I paint, although not enough. Watercolor and other mediums, sometimes dreams and often mythological images with my mythology class. Our class includes an art teacher, so she brings us back to image when we get too heady.
“. . . she brings us back to image when we get too heady.” That observation struck a bell in me. Having spent my life with academics, I know what you mean. The concrete and the image save us from drowning in abstraction.
I’m teaching an adult ed class right now at my church. On spirituality and work. I gave a little bio as an introduction. Place turned out to be a theme, both my rootedness in ten generations of farm families all in Lancaster County, PA, and now returning to the valley and mountains of my husband’s home.
Two of the members of the class described a restlessness of never belonging to one place. We are going to devote one of our sessions to this subject. Wish you could join us!

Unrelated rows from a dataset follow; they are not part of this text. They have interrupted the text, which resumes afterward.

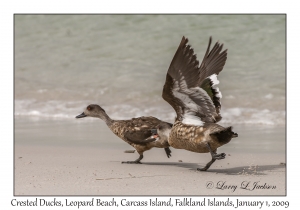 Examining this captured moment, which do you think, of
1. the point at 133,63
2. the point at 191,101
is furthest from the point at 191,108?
the point at 133,63

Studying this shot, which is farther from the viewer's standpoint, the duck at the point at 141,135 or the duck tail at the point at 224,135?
the duck at the point at 141,135

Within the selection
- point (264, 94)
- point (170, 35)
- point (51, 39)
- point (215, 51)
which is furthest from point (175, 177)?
point (51, 39)

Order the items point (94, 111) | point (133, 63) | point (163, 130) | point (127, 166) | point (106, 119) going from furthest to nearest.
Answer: point (133, 63)
point (94, 111)
point (106, 119)
point (127, 166)
point (163, 130)

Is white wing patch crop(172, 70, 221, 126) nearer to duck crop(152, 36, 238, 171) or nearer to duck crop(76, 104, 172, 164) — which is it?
duck crop(152, 36, 238, 171)

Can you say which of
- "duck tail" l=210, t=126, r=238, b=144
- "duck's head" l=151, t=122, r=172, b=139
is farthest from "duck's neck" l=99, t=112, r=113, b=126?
"duck tail" l=210, t=126, r=238, b=144

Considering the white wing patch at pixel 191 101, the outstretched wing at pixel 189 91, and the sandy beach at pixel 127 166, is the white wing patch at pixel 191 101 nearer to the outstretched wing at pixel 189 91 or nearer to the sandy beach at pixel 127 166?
the outstretched wing at pixel 189 91

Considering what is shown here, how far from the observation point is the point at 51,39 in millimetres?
21297

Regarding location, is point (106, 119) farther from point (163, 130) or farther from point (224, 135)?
point (224, 135)

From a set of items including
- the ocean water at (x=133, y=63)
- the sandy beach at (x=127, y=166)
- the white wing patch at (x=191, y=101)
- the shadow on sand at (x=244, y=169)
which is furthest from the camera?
the ocean water at (x=133, y=63)

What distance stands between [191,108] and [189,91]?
344 millimetres

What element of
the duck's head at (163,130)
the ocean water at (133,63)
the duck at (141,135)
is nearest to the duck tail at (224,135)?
the duck's head at (163,130)

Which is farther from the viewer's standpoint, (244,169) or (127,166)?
(127,166)

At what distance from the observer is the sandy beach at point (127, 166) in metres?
6.70

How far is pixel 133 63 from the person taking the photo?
18156mm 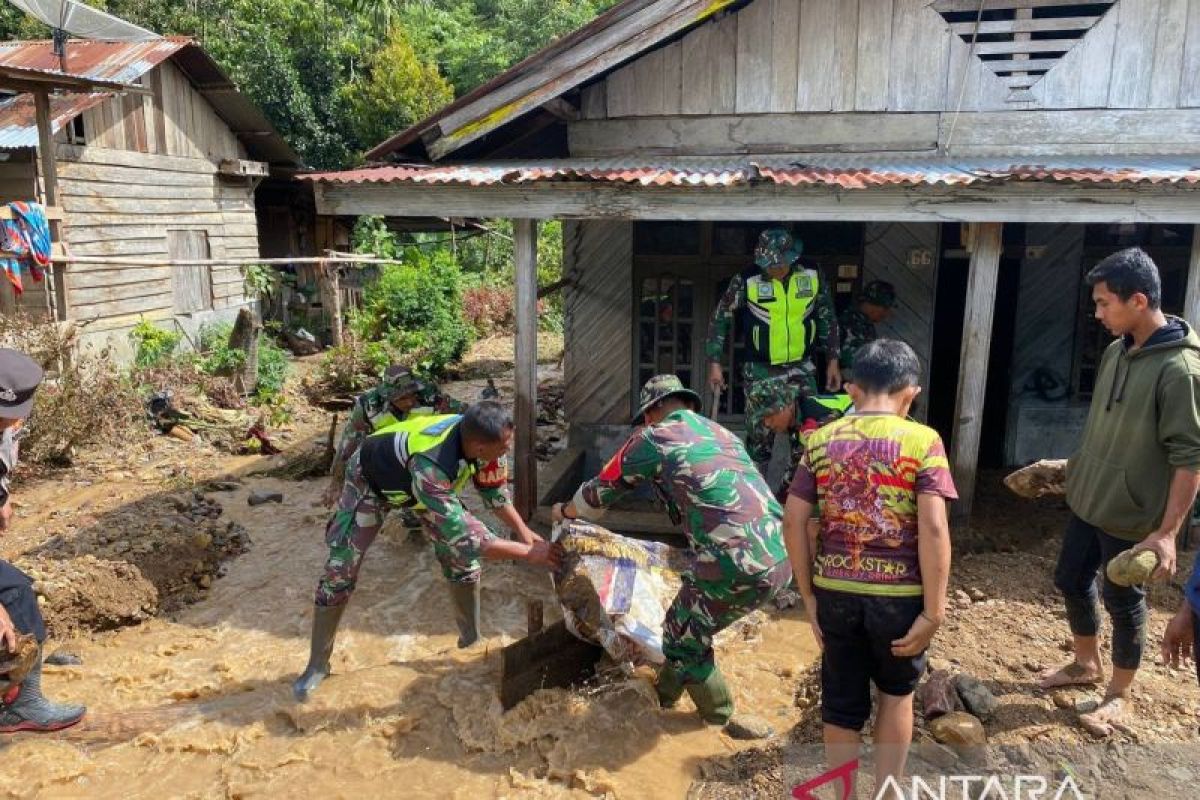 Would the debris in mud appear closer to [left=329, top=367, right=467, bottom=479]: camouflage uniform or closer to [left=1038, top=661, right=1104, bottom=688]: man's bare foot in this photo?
[left=1038, top=661, right=1104, bottom=688]: man's bare foot

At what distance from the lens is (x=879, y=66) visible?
7.02 m

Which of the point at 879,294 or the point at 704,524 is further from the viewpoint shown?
the point at 879,294

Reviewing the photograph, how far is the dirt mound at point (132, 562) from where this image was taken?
17.5ft

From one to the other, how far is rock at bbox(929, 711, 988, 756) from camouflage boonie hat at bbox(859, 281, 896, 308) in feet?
13.4

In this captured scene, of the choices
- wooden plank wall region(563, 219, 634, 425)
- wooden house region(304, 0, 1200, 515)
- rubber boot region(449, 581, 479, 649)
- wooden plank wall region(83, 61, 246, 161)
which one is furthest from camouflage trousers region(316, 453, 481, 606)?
wooden plank wall region(83, 61, 246, 161)

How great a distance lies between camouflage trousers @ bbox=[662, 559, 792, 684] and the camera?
3.81 metres

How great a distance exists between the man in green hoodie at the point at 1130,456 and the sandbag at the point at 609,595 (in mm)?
→ 1972

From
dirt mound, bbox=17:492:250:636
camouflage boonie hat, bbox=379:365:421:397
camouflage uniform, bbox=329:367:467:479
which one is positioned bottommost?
dirt mound, bbox=17:492:250:636

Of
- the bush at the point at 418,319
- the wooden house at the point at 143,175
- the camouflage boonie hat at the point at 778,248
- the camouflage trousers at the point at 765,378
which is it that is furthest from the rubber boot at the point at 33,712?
the bush at the point at 418,319

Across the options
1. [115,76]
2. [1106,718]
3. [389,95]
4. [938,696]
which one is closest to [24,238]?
[115,76]

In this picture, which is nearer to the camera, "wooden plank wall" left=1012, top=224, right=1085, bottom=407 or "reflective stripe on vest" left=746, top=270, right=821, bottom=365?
"reflective stripe on vest" left=746, top=270, right=821, bottom=365

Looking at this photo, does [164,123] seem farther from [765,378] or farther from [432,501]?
[432,501]

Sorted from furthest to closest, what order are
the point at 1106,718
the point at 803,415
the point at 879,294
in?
the point at 879,294 < the point at 803,415 < the point at 1106,718

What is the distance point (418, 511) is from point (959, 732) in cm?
289
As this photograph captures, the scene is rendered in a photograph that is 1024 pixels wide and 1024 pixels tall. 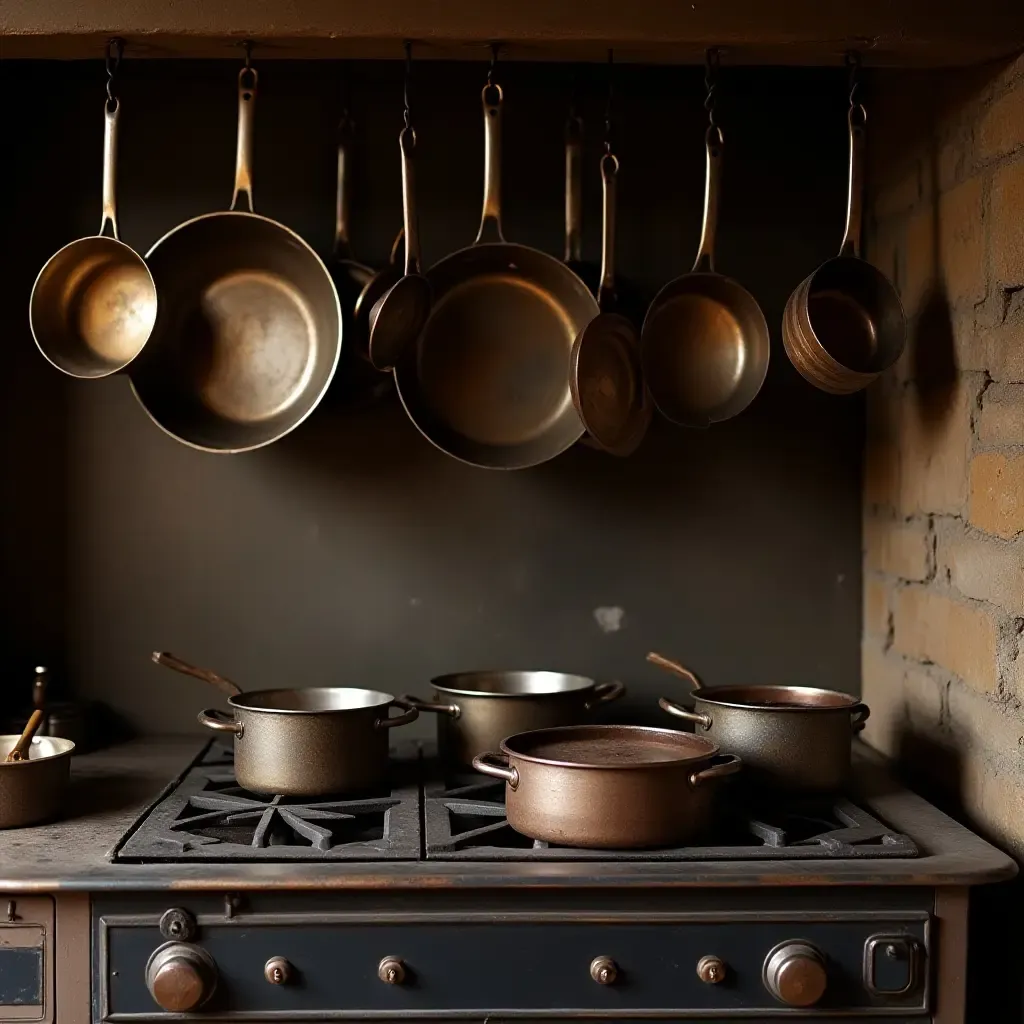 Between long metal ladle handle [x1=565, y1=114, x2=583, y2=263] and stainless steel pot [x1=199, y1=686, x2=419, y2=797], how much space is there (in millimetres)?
734

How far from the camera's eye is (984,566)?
5.13 ft

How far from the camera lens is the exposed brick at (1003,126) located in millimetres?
1475

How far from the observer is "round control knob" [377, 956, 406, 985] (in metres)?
1.31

Shirley, lovely post and delightful look at your homeplace as seen through your eyes and heart. Indeed, as others have said, your painting is reminiscent of Grandma Moses. Her reputation could be at stake!
As for my work of art called my life, I see it as a continual work-in-progress. As plants respond to the fertilizer worked into the soil by my hands, my life is in God’s hands and my favorite verse of Scripture assures me He is painting my life daily:
“For I know the plans I have for you,” declares the Lord, “plans to prosper you and not to harm you, plans to give you hope and a future.” Jeremiah 29:11 (NIV)
Sherrey, your ability to find metaphors of artistry in daily life is truly inspiring. God the potter — both the maker of pots and the maker of plants — is an image that reminds us that God is not afraid to get dirty in the creative process with us.
That verse in Jeremiah comforts me also. Thank you for the reminder of one of the best promises in the Bible.
I love your first painting, Shirley, and I think Grandma Moses would, too! 🙂
When I retired after 30 years of teaching h.s. English and speech, my first class to take was “Multi-media Art For Beginners and Returners”! It did more to shake loose the art dust and even got me back to my childhood choice of using my left hand as much as my right.
Wonderful post, Shirley.
I join those who love that painting, Shirley. It shows care and talent—and yes, love for your place. My former minister who took up painting in retirement turned out to be a gifted landscape painter. But that was just icing. He was drawn to it and was rewarded simply by doing it.
I really like how you’ve quoted Mary Catherine Bateson: “These works of art, still incomplete, are parables in process, the living metaphors with which we describe the world”.
p.s. Love the painting 🙂
Thank you, George, for stopping by and for that vote of confidence on the painting.
I find myself going back to Mary Catherine Bateson. She’s really wonderful with metaphor and wisdom.
Sorry it took so long for me to find your comment. Still traveling and fussing with my website.